Throughout the month of May, family physicians -- as well as certain other eligible clinicians -- will receive letters from their Medicare administrative contractors, better known as MACs , that will provide information about a practice's 2017 participation status in the Merit-based Incentive Payment System (MIPS).
In the same envelope will be a second document with additional participation information and a list of frequently asked questions.
CMS notified stakeholders about the mailing during a national stakeholder call on April 25 that focused on the Quality Payment Program(qpp.cms.gov); key AAFP staff members participated in that call.
According to Family Practice Management's April 27 Getting Paid Blog post, titled "Are You Participating in MIPS This Year? Watch Your Mailbox," the letters are intended to inform physicians "whether the group and the individuals within the group are exempt from the MIPS reporting requirements."
Blog author Erin Solis, an AAFP regulatory compliance strategist, writes, "CMS uses both historical claims data and data from the performance period to make this determination."
Furthermore, "Participation in MIPS requires clinicians and groups to report data in four performance categories in 2017 in order to avoid a negative payment adjustment in 2019," she writes.
CMS Launches MIPS 'Look Up' Tool
CMS just announced the launch of an online tool(qpp.cms.gov) created to help physicians and other clinicians determine their participation status in the Merit-based Incentive Payment System for 2017.
Once on the site, it's a one-step process; physicians simply enter their 10-digit national provider identifier.
Check now to ascertain your status!
According to a copy of the CMS letter that AAFP News reviewed, practices were identified via their taxpayer identification numbers.
"Starting in 2017, clinicians will participate in the new Quality Payment Program as a group or individually either through the Merit-based Incentive Payment System or participation in an Advanced Alternative Payment Model (APM)," says the letter.

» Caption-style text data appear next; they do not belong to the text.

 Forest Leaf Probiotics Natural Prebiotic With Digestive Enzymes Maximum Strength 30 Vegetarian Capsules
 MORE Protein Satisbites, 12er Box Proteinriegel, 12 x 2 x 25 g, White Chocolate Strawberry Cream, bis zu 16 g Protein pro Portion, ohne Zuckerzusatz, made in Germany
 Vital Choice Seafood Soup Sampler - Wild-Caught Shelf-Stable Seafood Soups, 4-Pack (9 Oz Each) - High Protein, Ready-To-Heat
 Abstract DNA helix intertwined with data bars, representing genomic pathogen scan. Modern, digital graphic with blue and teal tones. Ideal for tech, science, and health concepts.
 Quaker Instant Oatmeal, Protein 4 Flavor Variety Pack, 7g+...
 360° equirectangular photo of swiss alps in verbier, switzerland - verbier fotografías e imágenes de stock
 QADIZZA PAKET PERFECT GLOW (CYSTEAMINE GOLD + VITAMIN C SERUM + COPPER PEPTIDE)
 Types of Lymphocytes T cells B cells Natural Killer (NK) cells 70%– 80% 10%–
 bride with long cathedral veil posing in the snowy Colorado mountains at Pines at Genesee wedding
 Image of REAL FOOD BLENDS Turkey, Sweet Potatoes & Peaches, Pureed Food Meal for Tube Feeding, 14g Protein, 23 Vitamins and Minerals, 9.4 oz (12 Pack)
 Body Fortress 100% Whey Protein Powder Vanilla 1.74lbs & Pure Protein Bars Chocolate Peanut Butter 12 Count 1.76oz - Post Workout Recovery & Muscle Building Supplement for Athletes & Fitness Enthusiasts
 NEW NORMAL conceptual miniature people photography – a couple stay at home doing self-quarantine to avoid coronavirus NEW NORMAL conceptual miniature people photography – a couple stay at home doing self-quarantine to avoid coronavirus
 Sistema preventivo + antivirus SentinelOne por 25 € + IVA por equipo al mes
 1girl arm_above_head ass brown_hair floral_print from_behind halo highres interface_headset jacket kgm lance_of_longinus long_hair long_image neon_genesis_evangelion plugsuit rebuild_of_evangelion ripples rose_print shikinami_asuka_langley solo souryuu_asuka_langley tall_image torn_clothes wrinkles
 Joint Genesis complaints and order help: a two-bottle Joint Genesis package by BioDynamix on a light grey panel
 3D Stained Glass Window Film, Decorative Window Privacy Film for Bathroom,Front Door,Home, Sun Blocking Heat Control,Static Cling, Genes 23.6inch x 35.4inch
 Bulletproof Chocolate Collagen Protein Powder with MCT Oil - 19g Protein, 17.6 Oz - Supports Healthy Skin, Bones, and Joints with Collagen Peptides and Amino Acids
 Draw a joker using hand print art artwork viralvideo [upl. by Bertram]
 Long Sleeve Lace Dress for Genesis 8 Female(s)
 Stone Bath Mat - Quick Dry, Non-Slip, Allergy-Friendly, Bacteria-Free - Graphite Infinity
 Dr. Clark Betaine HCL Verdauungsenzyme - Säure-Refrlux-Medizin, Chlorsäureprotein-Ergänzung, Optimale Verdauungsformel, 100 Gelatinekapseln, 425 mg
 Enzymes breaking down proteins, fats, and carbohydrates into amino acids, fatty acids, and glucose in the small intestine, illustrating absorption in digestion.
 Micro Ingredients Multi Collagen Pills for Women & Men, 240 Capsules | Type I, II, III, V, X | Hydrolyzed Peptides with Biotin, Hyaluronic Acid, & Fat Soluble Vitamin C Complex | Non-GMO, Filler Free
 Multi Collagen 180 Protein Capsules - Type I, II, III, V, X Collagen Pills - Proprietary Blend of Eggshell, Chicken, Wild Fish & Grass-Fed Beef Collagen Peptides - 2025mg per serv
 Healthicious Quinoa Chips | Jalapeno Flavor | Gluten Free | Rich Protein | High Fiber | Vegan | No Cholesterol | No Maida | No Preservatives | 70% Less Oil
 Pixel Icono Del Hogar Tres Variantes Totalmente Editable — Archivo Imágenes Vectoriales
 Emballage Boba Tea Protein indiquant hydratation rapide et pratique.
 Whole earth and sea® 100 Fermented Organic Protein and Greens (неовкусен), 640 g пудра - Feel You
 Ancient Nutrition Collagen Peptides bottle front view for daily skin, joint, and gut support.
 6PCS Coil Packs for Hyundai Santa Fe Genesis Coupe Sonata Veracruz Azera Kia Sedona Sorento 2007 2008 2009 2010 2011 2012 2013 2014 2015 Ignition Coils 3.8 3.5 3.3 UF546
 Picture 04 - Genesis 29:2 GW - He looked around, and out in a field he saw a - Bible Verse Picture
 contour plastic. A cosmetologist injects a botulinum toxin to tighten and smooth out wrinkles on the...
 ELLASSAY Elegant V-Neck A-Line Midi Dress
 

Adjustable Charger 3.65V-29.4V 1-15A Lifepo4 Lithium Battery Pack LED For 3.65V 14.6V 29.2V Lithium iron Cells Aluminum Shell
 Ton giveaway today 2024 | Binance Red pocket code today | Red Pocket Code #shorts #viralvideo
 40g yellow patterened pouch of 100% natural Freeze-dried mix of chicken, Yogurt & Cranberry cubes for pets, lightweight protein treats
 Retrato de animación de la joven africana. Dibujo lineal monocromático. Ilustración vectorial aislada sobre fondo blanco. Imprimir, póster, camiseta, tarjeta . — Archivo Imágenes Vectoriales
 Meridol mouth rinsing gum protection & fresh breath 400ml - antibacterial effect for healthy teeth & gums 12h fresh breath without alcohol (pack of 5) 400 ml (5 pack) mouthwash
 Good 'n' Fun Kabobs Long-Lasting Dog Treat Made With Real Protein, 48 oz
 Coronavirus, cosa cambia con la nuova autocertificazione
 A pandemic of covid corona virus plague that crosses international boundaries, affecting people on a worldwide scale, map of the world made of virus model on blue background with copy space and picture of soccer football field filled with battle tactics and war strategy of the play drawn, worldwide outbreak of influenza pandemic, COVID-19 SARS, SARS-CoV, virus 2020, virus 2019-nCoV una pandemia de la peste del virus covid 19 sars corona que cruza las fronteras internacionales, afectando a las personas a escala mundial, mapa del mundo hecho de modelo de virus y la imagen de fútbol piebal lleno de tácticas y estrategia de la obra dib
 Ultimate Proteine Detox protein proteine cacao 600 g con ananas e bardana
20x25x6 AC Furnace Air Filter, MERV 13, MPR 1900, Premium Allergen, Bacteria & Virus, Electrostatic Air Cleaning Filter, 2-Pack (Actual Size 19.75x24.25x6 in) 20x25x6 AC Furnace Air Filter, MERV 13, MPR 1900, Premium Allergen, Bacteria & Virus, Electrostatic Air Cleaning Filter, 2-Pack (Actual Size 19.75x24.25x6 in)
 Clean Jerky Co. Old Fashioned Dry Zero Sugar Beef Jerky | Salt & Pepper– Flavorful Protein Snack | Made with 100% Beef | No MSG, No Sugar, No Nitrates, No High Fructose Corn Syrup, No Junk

The correspondence informs health care professionals whether they are considered exempt from MIPS, which would be because
- they are not among the categories of clinicians included in the program in the first year, or
- they fall below the low-volume threshold criteria that pertain to clinicians who billed Medicare Part B less than $30,000 in allowed charges or provided care to fewer than 100 Medicare Part B patients.
In addition to physicians, the letter spells out the other clinicians eligible to participate in MIPS in 2017; they are physician assistants, nurse practitioners, clinical nurse specialists and certified registered nurse anesthetists -- unless 2017 is their first year of Medicare participation.
The correspondence provides instructions on what steps MIPS participants need to take and reinforces deadlines to help physicians avoid a 4 percent negative payment adjustment for not participating.
It also provides additional details for clinicians who are not participating in MIPS and for those who are participating in an advanced APM.